Journal of Oceanography, Vol. 64 (No. 5), pp. 663-673, 2008
Meguru Miki*, Neelam Ramaiah, Shigenobu Takeda and Ken Furuya
Graduate School of Agricultural and Life Sciences, The University of Tokyo, Yayoi, Bunkyo-ku, Tokyo 113-8657, Japan
(Received 5 November 2007; in revised form 24 March 2008; accepted 26 March 2008)

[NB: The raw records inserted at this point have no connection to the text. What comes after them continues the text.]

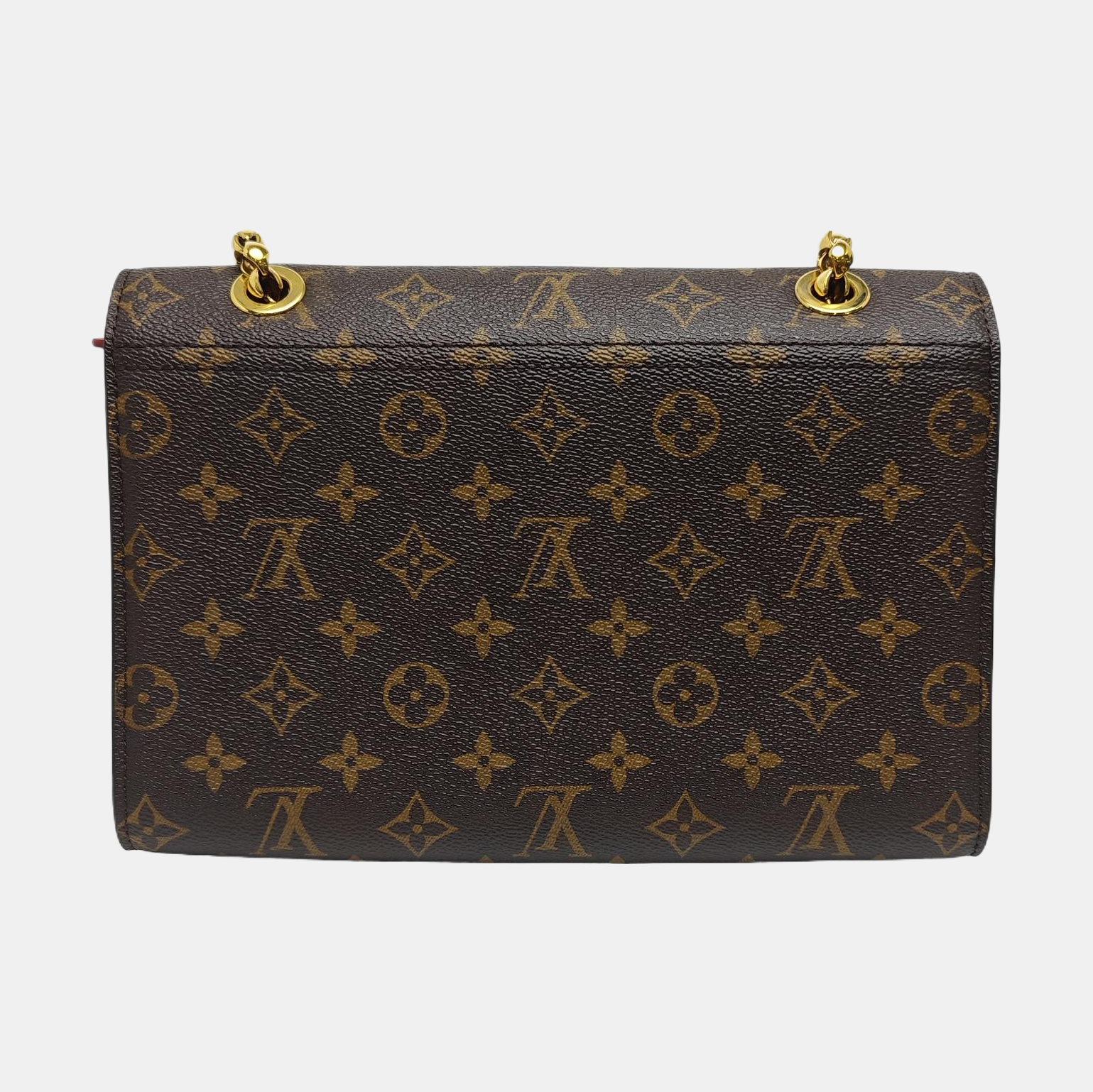 VICTOIRE Monogram Coated Canvas Brown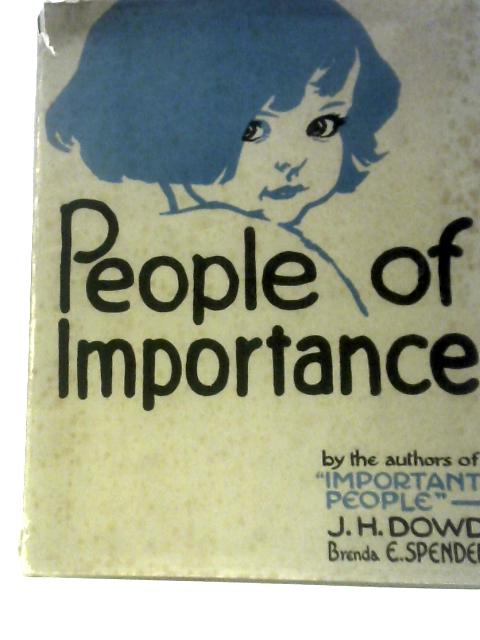 People of Importance By J. H. Dowd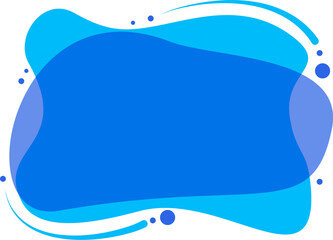 Poster - abstract color wave fluid frame design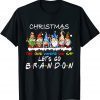 Christmas 2022 Let's Go Branson Brandon Gnome Xmas T-Shirt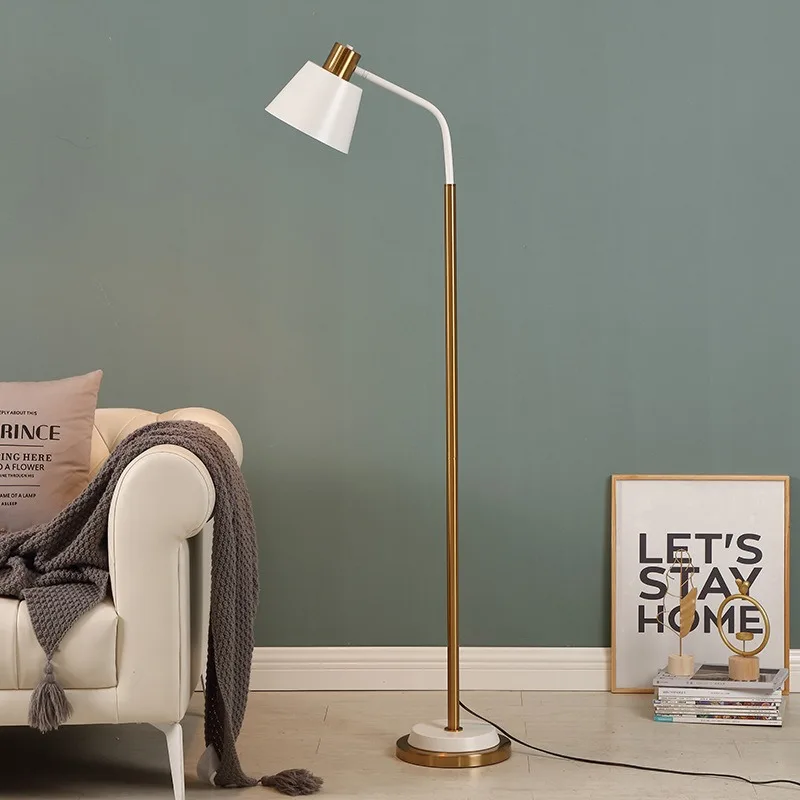 Modern minimalist floor lamp American style bedroom living room bedside lamp personalized home work eye protection ultra-thin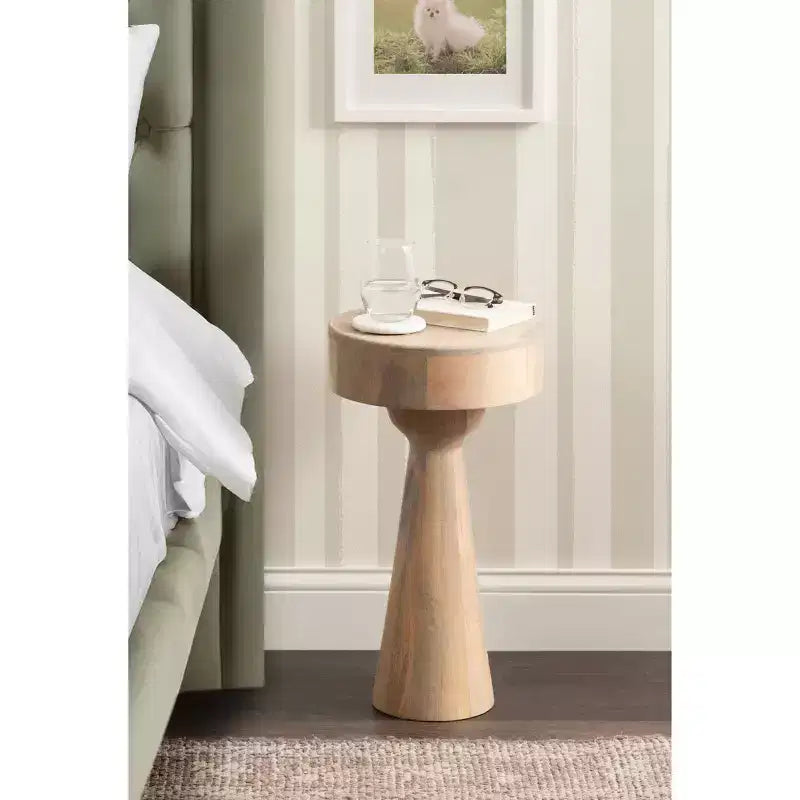 Table d'appoint en bois, Naturel, 12x12x22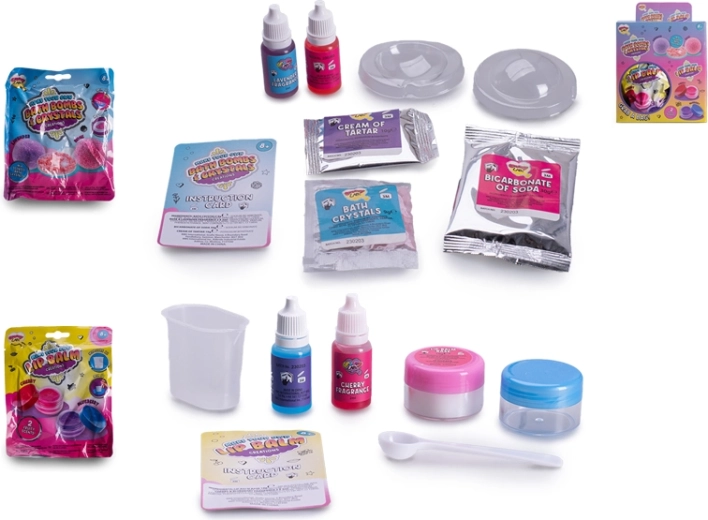 Kreatívna sada na výrobu balzamu na pery alebo kúpeľovej bomby s ovocnou vôňou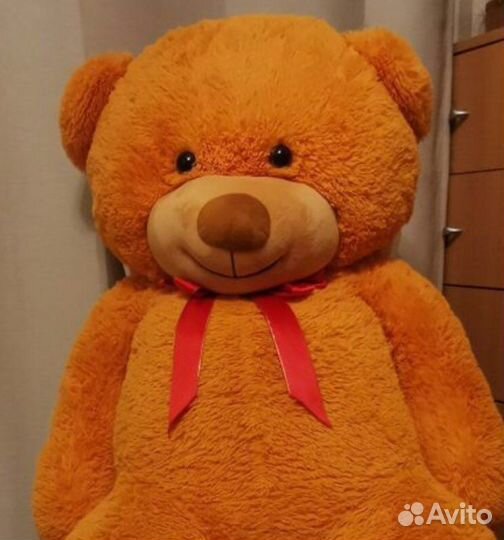 Большой плюшевый мишка 130 см медведь
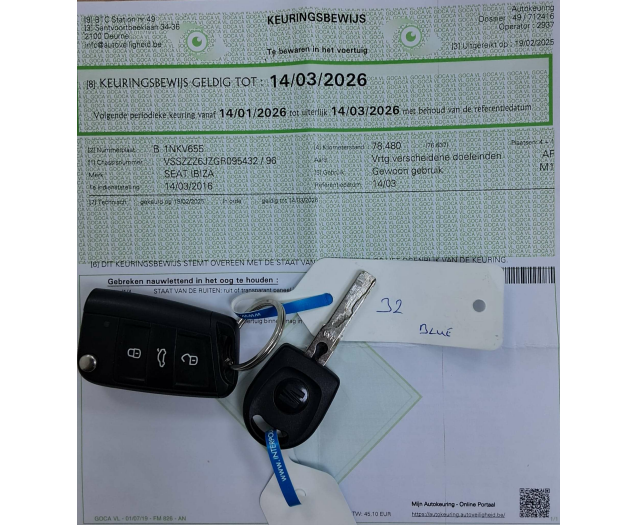 SEAT Ibiza 1.0i Connect Start CARPLAY PARKHULP A CRUISE NAV Ninove auto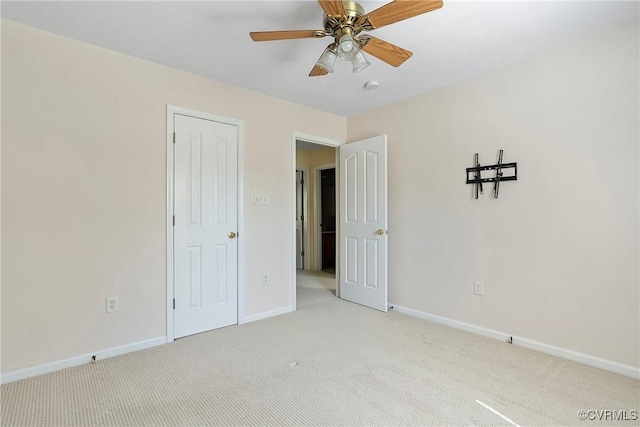 14530 Hancock Ridge Ct, Chesterfield, VA 23832 - unfurnished bedroom with light carpet, baseboards, and ceiling fan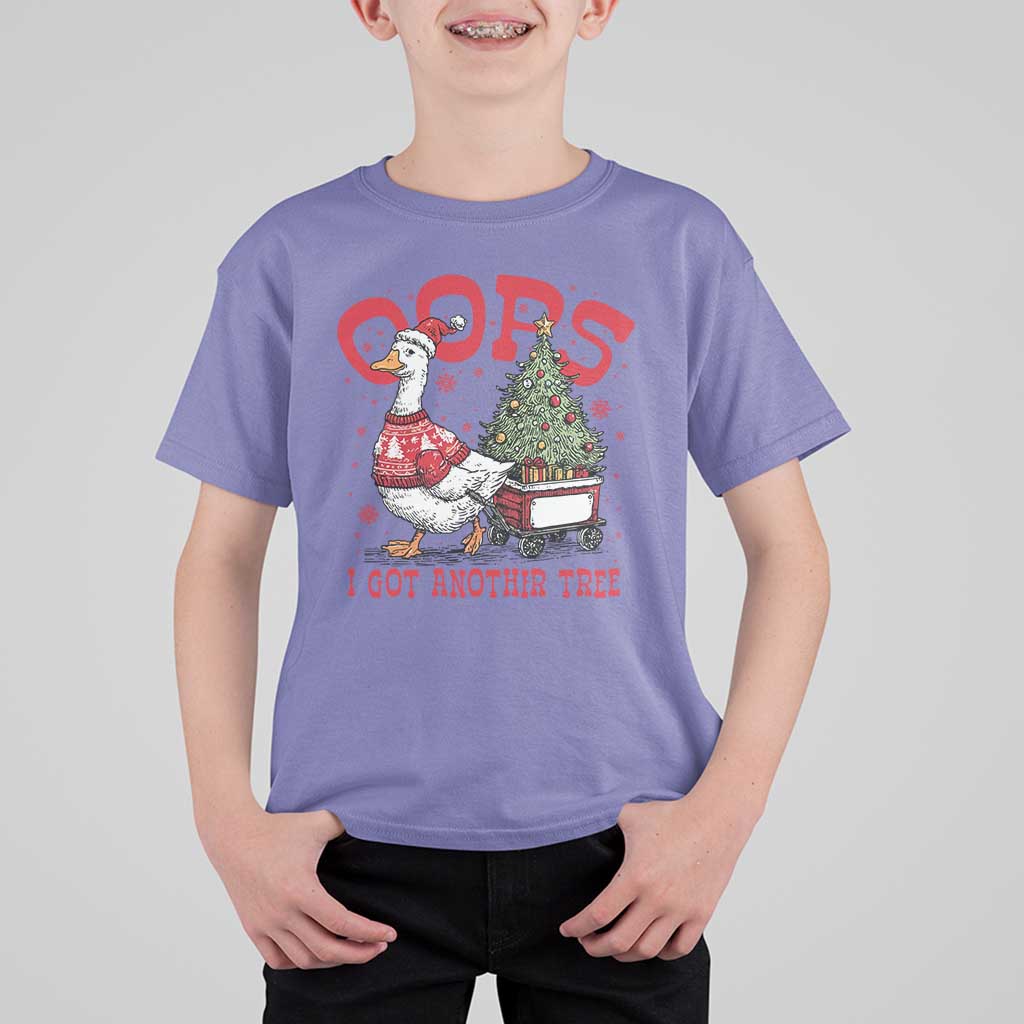 Funny Oops I Got Another Tree Funny Christmas Goose T Shirt For Kid - Wonder Print Shop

Abstract: Phytoplankton dynamics during the northeast monsoon was investigated in the Sulu Sea from algal pigment analysis. We visited the Sulu Sea in February 2000, a mid period of the northeast monsoon, and in November and December 2002, the beginning of the northeast monsoon. SeaWiFS images showed generally low concentrations of surface chlorophyll a (Chl a) during the southwest monsoon and higher concentrations with several peaks during the northeast monsoon. In the beginning of the northeast monsoon, subsurface chlorophyll maxima (SCM) occurred, where vertical variation in class-specific composition as estimated from pigment signatures was prominent. Prochlorococcus, cyanobacteria, prymnesiophytes and crysophytes were important groups above the SCM, and the contribution of cyanobacteria to Chl a became much lower at and below the SCM. Contributions of chlorophytes and prasinophytes to Chl a generally showed maxima near the SCM. This distribution was accompanied by vertical changes in the concentration of photoprotective pigments relative to photosynthetic accessory pigments. During the mid northeast monsoon, the upward supply of nutrients was probably enhanced at some stations due to vertical mixing, and as a consequence diatoms dominated in the upper 100 m water column of these stations, and other eukaryotic flagellates including prymnesiophytes, chrysophytes and cryptophytes were secondary major components of the community. The elevation of Chl a concentration and changes in phytoplankton community during the northeast monsoon likely influence the variation in biological production at higher trophic levels in the Sulu Sea.